Yet while the presence of airships has become a cliche in alternate history circles, VTOLs have not been. Alternate history is full of Victorian zeppelins, not Vietnamese tilt-wings and jet-copters.
Lighter-than-air transport being more prominent in AH has been a trope for so long, a lot of us do it in a self-ironic way. Personally, i've been handed an opportunity to play around with rotorcraft in WIAF and I intend to use it at some point: two of OTL's main Soviet helicopter designers, Nikolai Kamov and Mikhail Mil, were both from Irkutsk, which means they get to become Yakutian citizens by default.
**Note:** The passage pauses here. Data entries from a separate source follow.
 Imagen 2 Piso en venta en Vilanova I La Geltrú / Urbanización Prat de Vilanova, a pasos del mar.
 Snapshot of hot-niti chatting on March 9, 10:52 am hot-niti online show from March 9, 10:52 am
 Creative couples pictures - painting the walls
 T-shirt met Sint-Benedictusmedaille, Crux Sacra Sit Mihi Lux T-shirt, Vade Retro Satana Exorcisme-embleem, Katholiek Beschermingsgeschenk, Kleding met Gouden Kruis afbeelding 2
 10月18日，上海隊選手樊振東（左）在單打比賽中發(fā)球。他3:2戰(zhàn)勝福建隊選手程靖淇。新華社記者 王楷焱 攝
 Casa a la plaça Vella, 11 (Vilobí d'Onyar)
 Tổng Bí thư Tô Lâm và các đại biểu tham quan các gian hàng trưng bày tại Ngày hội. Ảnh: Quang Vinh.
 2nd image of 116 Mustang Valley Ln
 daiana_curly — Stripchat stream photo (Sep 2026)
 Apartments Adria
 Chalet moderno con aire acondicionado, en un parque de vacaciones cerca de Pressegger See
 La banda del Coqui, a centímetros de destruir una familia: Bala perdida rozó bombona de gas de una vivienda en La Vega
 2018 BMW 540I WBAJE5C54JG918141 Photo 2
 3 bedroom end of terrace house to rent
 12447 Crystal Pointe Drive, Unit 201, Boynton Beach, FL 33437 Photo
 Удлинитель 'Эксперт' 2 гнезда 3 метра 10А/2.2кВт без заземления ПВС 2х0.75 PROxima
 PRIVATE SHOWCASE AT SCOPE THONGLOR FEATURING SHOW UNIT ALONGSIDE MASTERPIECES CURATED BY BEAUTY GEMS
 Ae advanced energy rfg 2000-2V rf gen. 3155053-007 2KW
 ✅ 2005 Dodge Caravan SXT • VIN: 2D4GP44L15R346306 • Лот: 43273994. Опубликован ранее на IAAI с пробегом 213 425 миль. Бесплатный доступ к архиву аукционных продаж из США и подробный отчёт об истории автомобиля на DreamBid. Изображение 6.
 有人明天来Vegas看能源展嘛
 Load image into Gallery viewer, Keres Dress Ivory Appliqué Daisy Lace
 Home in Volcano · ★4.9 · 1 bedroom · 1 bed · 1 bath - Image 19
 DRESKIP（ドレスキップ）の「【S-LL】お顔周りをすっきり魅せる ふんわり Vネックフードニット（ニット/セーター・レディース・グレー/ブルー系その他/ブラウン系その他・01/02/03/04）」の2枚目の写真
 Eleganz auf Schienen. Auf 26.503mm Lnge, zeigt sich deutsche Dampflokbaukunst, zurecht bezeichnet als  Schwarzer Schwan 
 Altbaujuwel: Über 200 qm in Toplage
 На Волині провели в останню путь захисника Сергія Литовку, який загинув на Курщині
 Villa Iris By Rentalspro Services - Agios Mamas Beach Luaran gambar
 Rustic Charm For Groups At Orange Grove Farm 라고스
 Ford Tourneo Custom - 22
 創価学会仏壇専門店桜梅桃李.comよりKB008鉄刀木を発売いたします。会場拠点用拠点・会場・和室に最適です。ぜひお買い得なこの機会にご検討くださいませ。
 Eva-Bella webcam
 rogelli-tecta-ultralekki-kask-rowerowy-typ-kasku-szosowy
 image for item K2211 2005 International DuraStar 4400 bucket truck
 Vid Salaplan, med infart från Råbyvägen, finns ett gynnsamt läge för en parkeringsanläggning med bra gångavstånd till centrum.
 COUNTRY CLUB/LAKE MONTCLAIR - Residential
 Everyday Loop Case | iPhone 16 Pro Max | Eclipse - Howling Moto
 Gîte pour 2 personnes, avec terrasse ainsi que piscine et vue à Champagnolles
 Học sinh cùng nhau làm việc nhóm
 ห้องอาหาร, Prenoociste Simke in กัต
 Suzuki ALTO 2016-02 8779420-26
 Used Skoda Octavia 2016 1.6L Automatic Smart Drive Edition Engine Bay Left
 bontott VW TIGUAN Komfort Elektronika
Yup, the Red Army loses its most iconic combat helicopter :p
 
The brand appearance is right and it probably says stuff about what we consider The past. If I go "Harrier Jump Jets were a thing that sounded cool when I was a kid so in this AH there's jump jets everywhere", that's a very different look and one (as Colier says) that'd be seen as more futuristic sci-fi than a blimp - even though the Harrier jump jet was invented over fifty years ago!
 
It's a bit of a depressing thought that I could see hovercraft becoming an allo-transport-punk staple used by younger writers, as they seem to be disappearing from their former status of being THE FUTURE too.

Autogyroes are a bit of a grey area I feel.

Tony Jones' AH work is good at using lesser-known transport what-ifs, such as Cliveless World (as seen in his SLP book "The Plague Policeman") in which most aircraft are asymmetrical one-wing designs.
 
It's a bit of a depressing thought that I could see hovercraft becoming an allo-transport-punk staple used by younger writers, as they seem to be disappearing from their former status of being THE FUTURE too.
Oh, yeah, that's in WIAF too. @Bruno's The Road to Yakutia and @Talwar's Rock of Ages, both included in Volume 1, feature early types of a Yakutian vehicle developed to deal with the difficult Siberian terrain, which are recognizable as hovercraft, except they are called ground gliders.
 
One thing that came to me after I wrote the original post is that another reason is that airships obviously look a lot different, while VTOLs that don't look "futuristic" (as in the case of the Harrier) appear very similar to conventional aircraft at first glance.